LeGrett has had an interest in sports marketing since she was in high school, when an elective course gave her the opportunity to work with the Brooklyn Nets of the National Basketball Association. As a business administration and marketing major at Chapman, Sydney participated in a variety of internships, but she was always enticed by the lure of sports marketing. Eventually, she landed an internship with the Los Angeles Chargers, whose business offices had just moved to Costa Mesa, and she worked with them for the 2018 and 2019 NFL seasons.
“I really enjoy working around football,” LeGrett says. “I’ve had a lot of other kinds of odd jobs and internships, and I always find that anytime I’m in sports marketing or the sports industry in general, everyone’s really communicative.”
When Big Data Meets Football
Nick Kondo (MBA ’22) doesn’t have a career in the NFL yet, but he’s already putting his data analytic skills to good use by participating in the Big Data Bowl.
The practice of analyzing big datasets to identify trends and patterns is having a transformative effect on football as analysts measure minute statistics to improve performance and safety in the game. Over 250 data-gathering devices are used at every NFL venue, including RFID tags installed in players’ shoulder pads, on officials, in the ball and elsewhere on the field. Each year, this data is released as part of the Big Data Bowl, and participants compete to devise a new stat that might be adopted by the NFL.
Kondo and his teammates, Tino Diaz-Ordaz and Max Batsch (who are also students in the MBA program at Chapman’s Argyros School of Business and Economics), have devised a stat called YAPR, or Yards Above Predicted Return. It tracks the factors affecting kickoffs – location of the defenders, height of the kick, where the receiver caught the ball – and predicts an expected number for yards gained.

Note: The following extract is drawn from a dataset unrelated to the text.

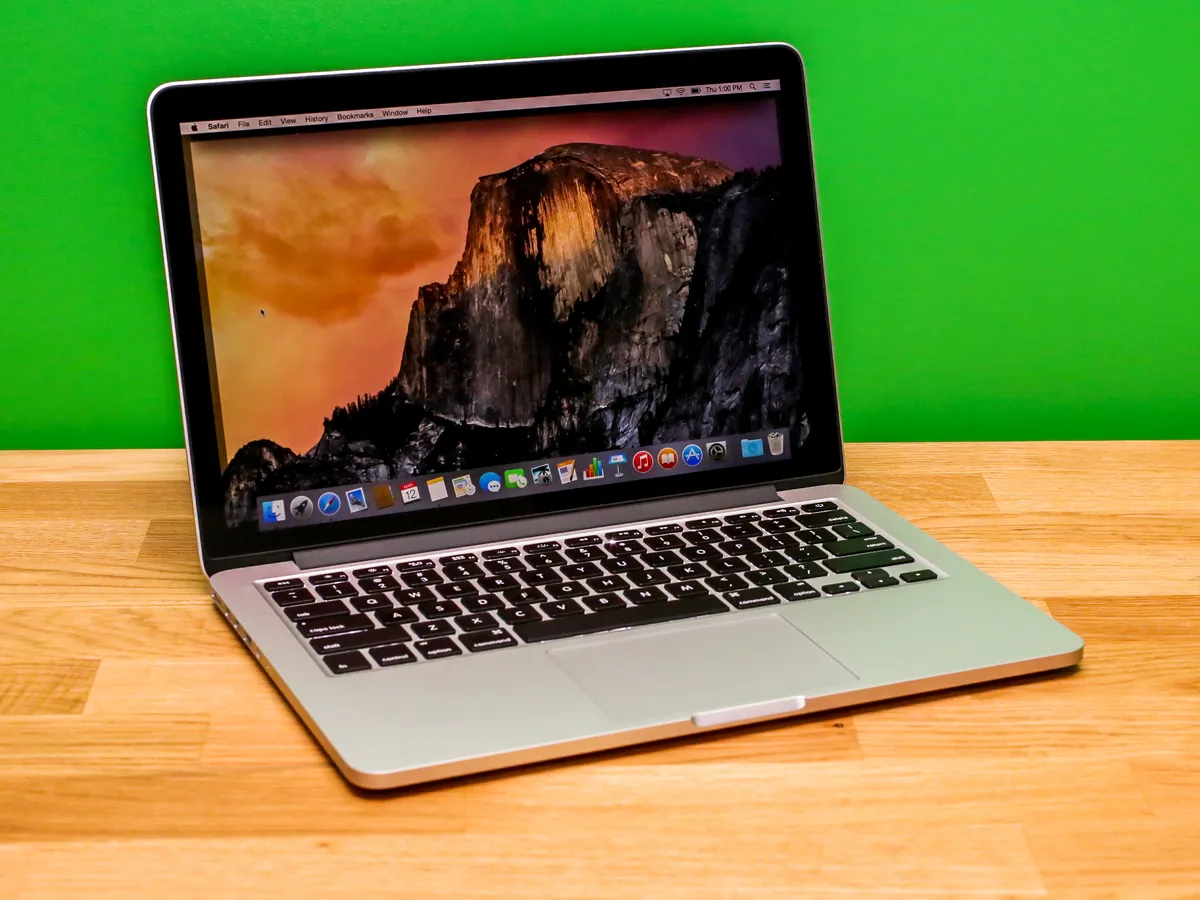 Refurbished Apple 13.3" MacBook Pro MF839LL/A (Intel Core i5 2.7GHz Quad-core, Silver) - Grade A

“Right now, success on a kickoff return is defined by how many yards you get or how many touchdowns you get. But if you take the ball from different locations, you’re expected to get more or fewer yards depending on where you are. So we took all that out of it and we said, OK, given all of this, you were expected to gain 25 yards. Did you exceed expectations? By doing that, we can actually rank players.”
Kondo, who plays for Chapman’s baseball team, hopes to move into a career in sports analytics with a league, team, independent analytics firm or sports agency.
“It’s a competitive field,” he says.”It helps in my case that I’m a player so I can understand the game from what it’s like on the field, as well as making decisions and building models, and even as a coach.”
Super Bowl Parties for the Super Bowl Stars
Patricia Jones (EMBA ’20) knows that Super Bowl parties don’t just happen in front of your TV.
As one of only 225 vendors in the Los Angeles area authorized to bid for Super Bowl-related contracts, Jones’ company, Personal Touch Events (PEI), will be organizing an event this year for the NFL Players Association, a vast entity that takes care of players’ health and wellness. It’s not the first time Jones has worked with the NFL, either — just a few years ago, PEI planned the groundbreaking ceremonies for SoFi Stadium.
The selection process for NFL vendors is rigorous, including paperwork and interviews, and ultimately only 10 event planners were selected. “The NFL already has a large production company,” says Jones. “We come in and we supplement their needs, producing a red carpet experience, every detail, every time.”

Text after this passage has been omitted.